According to the Respondent, the word "honda" in the domain name <hondaindia>stands for:

h- Humble

o- Organization for helping

n- Neglected kids and

d- Develop their

a- Abilities

The statement by the Complainant that Respondent’s sole purpose in registering the domain name is to deceive the Honda Company is totally false. Since Respondent has registered the domain name with the sole purpose of using it in the future for his charity work, he is not currently using the web site.

All the statements by Honda Motor company in the Complaint, that Respondent is using the web site for gain, are false.

 

6. Discussion and Findings

Respondent has asserted that his registration of the contested domain name took place before the Uniform Domain Name Dispute Resolution Policy was approved by the Internet Corporation for Assigned Names and Numbers.

Previous decisions under the UDRP have decided that Respondents implicitly have consented to the UDRP through the renewal of domain name registrations. In the present case, the registrar Register.com has, through its Registrar Verification, also confirmed that the UDRP applies.

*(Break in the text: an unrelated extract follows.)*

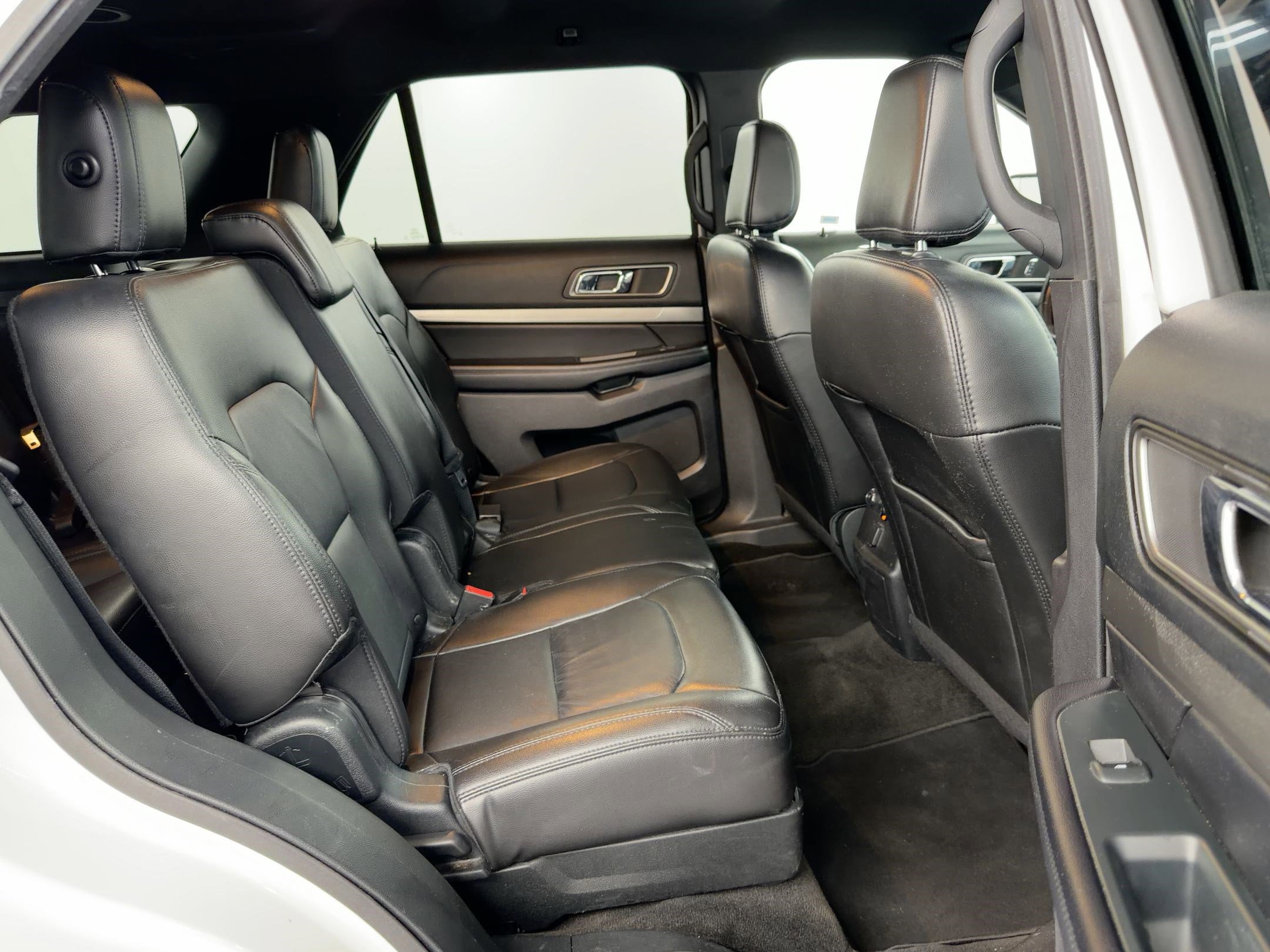 Used 2018 Ford Explorer XLT w/ Equipment Group 202A image 33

A. Identical or Confusingly Similar

The addition of the name of a geographical suffix to a trademark, such as the addition of "India" to HONDA, is a common way of indicating subdivisions of global enterprises, or the geographical area that goods are offered under a trade mark. Complainant, itself, has evidenced that it uses the domain name <hondacarsindia.com> in connection with the offering of goods and services in India.

Complainant’s trade mark is famous around the globe. The addition of a geographical suffix, therefore, does not sufficiently alter the underlying mark to which it is added. A user of the Internet is, in the Panel’s opinion, likely to assume that Complainant is the sponsor of, or is associated with, the web site identified by the disputed domain name with the addition of the geographical suffix ‘india.’ The elimination of the space between "honda" and a country name is dictated by technical factors and customary practice among domain name registrants, and is without legal significance from the standpoint of comparing Complainant’s trademark and the contested domain name.

Hence, Complainant has met its burden of proving that the domain name at issue is confusingly similar to Complainant’s trade mark, pursuant to the Policy, paragraph 4(a)(i).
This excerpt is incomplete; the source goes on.